The results of this work may represent similar benefits to recent proposals of combining wavelets and deep learning, for example, in [
52], where deep learning performed the mapping in the wavelet domain. In our case, deep learning was applied as a second stage of enhancement (and as a first stage prior to wavelets). In that work, relevant benefits in terms of improving the SNR were found.
Other hybrid or cascade approaches have been tested recently in similar domains, for example, speech emotion recognition [
53]. The results of this study may represent an opportunity to develop more hybrid approaches, where the benefit of each stage can be analyzed separately, in a similar way to image enhancement, where different algorithms to enhance aspects such as noise, blur, and compression have been applied separately, using a cascade approach.
4. Conclusions
In this paper, we analyzed the hybrid combination of wavelets and deep learning for the enhancement of speech signals. For this purpose, we conducted an extensive experimentation for the selection of parameters of the wavelet transform and the training of more than forty deep neural networks to measure whether or not the combination of both deep learning and wavelets (as both the first or second stages) benefits the enhancement of speech signals degraded with several kinds of noise. To establish a proper comparison, some restrictions were introduced in the experimentation, such as the limitation of epochs during training to match the hybrid and deep learning cases.
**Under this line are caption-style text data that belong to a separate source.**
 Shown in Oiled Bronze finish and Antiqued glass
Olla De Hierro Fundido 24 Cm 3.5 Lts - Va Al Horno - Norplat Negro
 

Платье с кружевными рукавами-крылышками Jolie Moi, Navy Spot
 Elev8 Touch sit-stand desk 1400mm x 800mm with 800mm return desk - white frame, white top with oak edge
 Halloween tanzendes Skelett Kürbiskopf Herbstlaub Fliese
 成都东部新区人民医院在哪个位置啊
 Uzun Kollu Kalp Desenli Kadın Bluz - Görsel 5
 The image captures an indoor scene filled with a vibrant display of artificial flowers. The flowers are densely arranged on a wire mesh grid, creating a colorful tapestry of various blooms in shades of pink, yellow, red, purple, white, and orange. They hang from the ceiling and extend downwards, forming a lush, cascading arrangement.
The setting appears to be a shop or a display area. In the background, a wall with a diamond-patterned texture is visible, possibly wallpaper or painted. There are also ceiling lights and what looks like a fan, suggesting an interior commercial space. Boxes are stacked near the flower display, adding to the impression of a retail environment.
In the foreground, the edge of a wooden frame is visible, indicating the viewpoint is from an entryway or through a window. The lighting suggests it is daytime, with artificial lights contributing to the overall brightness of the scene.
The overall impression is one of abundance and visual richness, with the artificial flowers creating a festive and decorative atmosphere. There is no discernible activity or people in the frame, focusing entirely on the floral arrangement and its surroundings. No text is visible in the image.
The results showed benefits of the hybrid application of first wavelet enhancement and deep learning as a second stage, especially for the case of White noise. Those benefits were measured in comparison to the noisy signal and the enhancement with wavelets and deep learning alone. For other types of noise, in particular Babble, the hybrid approach presented mixed results, with benefits on some of the SNR levels analyzed. This type of noise, which is more complex and irregular than the synthetic White and Pink noises, was the most challenging scenario of those contemplated in this work. The application of deep learning as a unique stage presents better results for that case. For the case of Pink noise, the hybrid approach enhancement shows better results than the separate algorithms for the higher levels of noise. When the SNR was as low as 5 or 10, deep learning performed better.
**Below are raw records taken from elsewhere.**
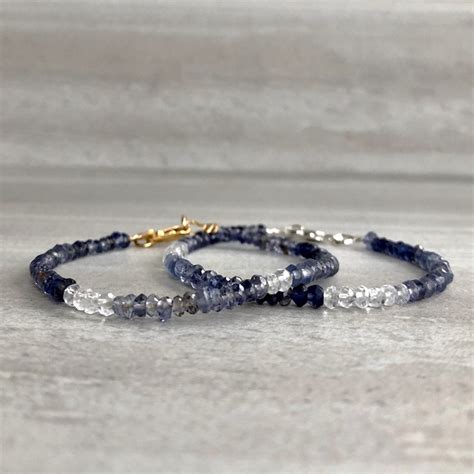 Gold Iolite Bracelet Healing Crystal Jewelry Etsy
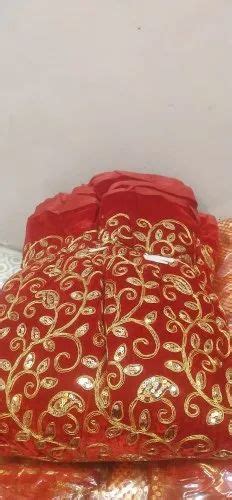 Embroidered Red Velvet Embroidery Fabric At Rs Meter In Patna Id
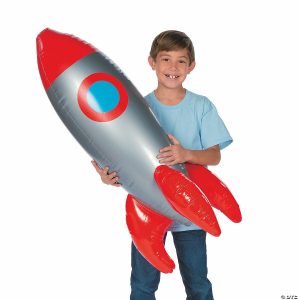 Party Decorations |  18 1/2″ x 41″ Inflatable Large God’s Galaxy VBS Vinyl Rocket Party Decorations Party Decorations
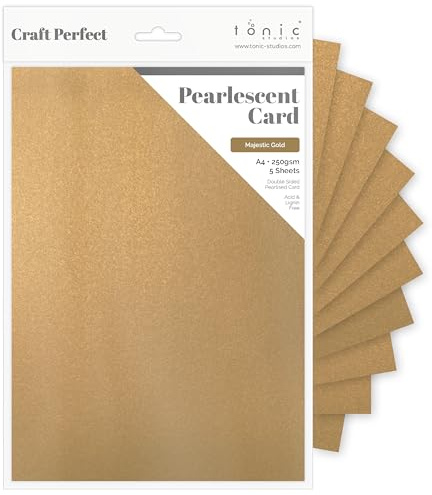 Craft Perfect Pearlescent Card A4, Majestic Gold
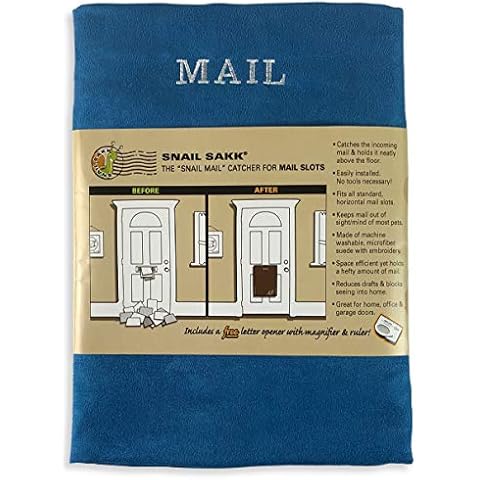 SNAIL SAKK: Mail Catcher for Letterboxes - Blue (2nd Quality). No Tools/Screws Required! Space efficient, Reduces Draughts, and More. (Basket Letter Cage Door Hardware Post) Cover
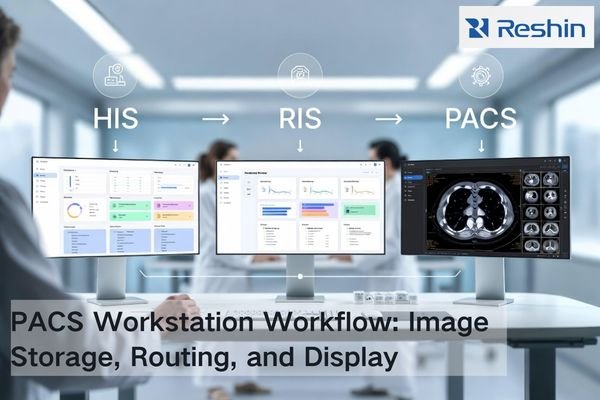 Radiology IT workflow showing HIS, RIS, and PACS connected on hospital workstations for medical imaging delivery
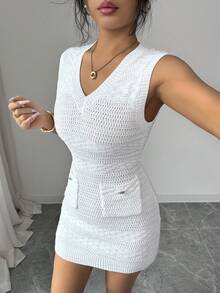 SHEIN Elenzya Sleeveless V-Neck Hollow Out Fitted Bodycon Dress With Metal Button Pockets Textured Elegant Sweater Dress - White - View 5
The wavelet denoising succeed in enhancing the signals in terms of SegSNR (except for Babble noise, where the benefits were almost null), but some artifacts observed in the spectrograms may explain why its benefits were not measurable in terms of PESQ. Regardless, the output obtained with the wavelet enhancement represents a better input to the deep neural networks than the noisy signals. The benefits of applying a combination of deep learning and other algorithms are present in the scientific literature, and future works may define the particular benefits of the separate algorithms in order to establish optimized hybrid applications for particular noise types and levels.
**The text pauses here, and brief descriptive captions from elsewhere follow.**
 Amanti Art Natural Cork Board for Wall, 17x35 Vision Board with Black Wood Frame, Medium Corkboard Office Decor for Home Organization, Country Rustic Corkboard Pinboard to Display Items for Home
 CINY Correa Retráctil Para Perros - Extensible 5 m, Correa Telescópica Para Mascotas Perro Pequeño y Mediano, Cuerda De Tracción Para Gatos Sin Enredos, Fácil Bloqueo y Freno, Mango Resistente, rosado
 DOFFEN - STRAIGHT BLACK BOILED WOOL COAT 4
Several research opportunities can follow the results of this study. For example, an analysis of delays in real-time applications using the hybrid proposal could be addressed in order to establish the feasibility of implementation in a particular hardware and integrated software. Furthermore new scenarios, such as far-field speech enhancement for application in video conferencing or multi-speaker enhancement, can be analyzed in terms of hybrid approaches in order to select the best simple or hybrid algorithms.